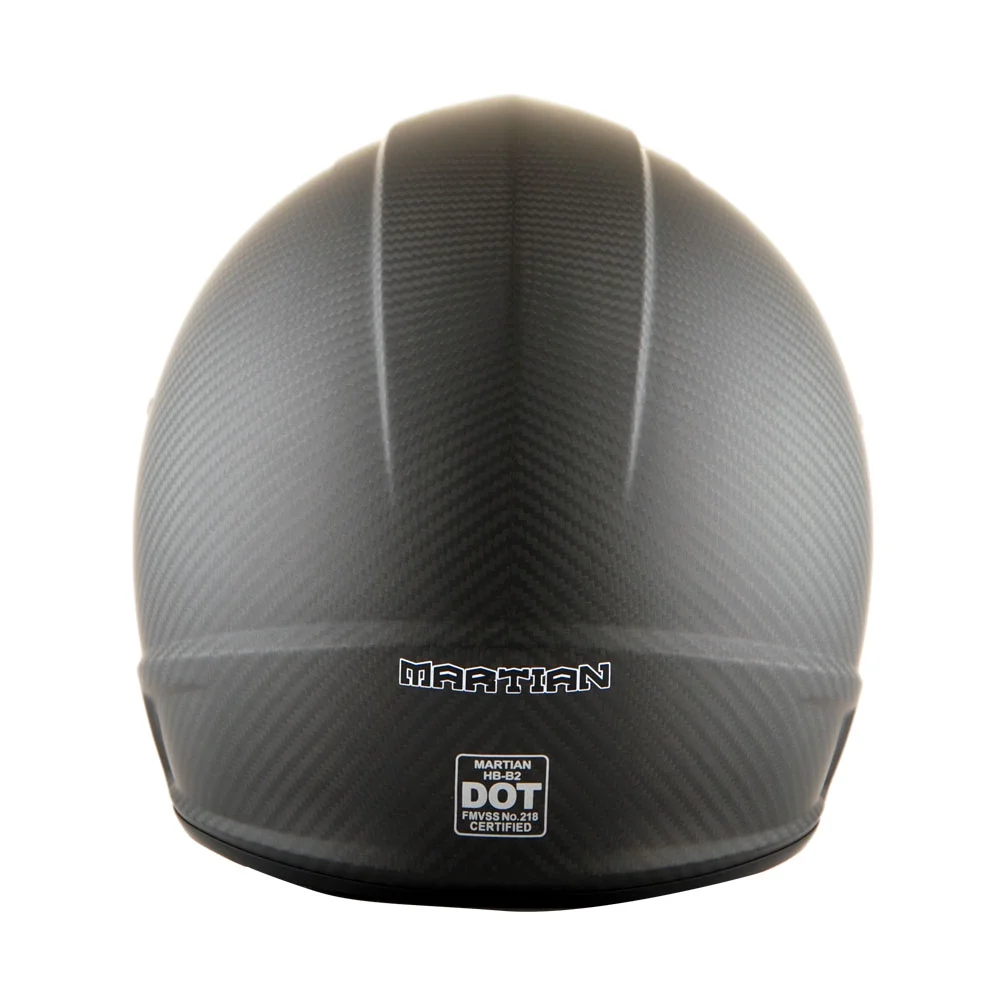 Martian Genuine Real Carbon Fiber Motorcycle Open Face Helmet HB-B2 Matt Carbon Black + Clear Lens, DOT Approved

---

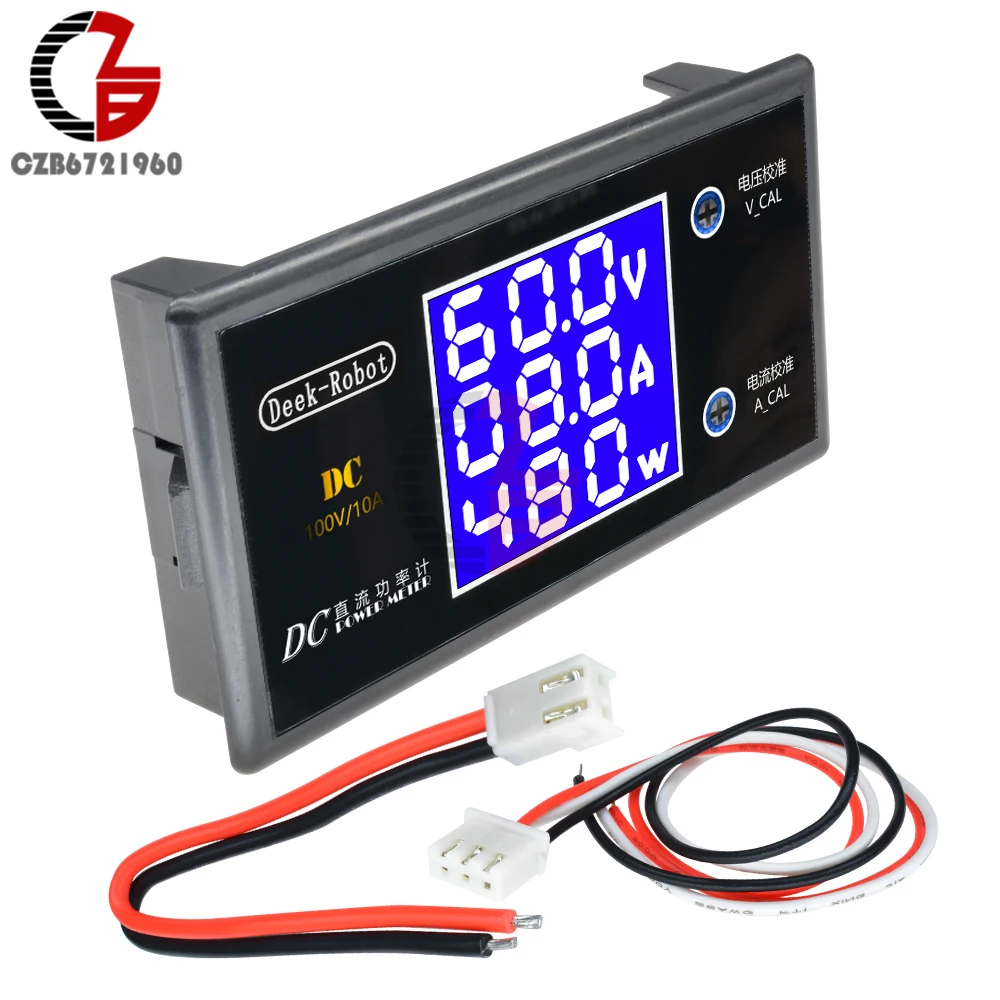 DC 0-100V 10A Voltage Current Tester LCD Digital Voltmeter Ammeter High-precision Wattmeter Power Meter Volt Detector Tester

---

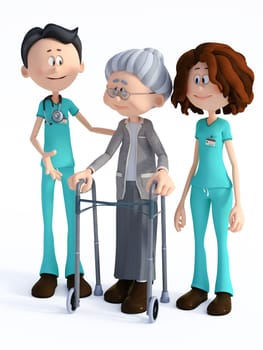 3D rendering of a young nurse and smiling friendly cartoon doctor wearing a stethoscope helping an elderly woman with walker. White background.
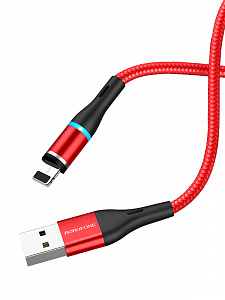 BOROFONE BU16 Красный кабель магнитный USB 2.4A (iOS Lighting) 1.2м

TASK DETAILS →
Among the entries above, find the line with "3D rendering of" and repeat exactly from there through the line with "BOROFONE BU16 Красный", leaving out the pictures.

TASK OUTPUT →
 3D rendering of a young nurse and smiling friendly cartoon doctor wearing a stethoscope helping an elderly woman with walker. White background.
 BOROFONE BU16 Красный кабель магнитный USB 2.4A (iOS Lighting) 1.2м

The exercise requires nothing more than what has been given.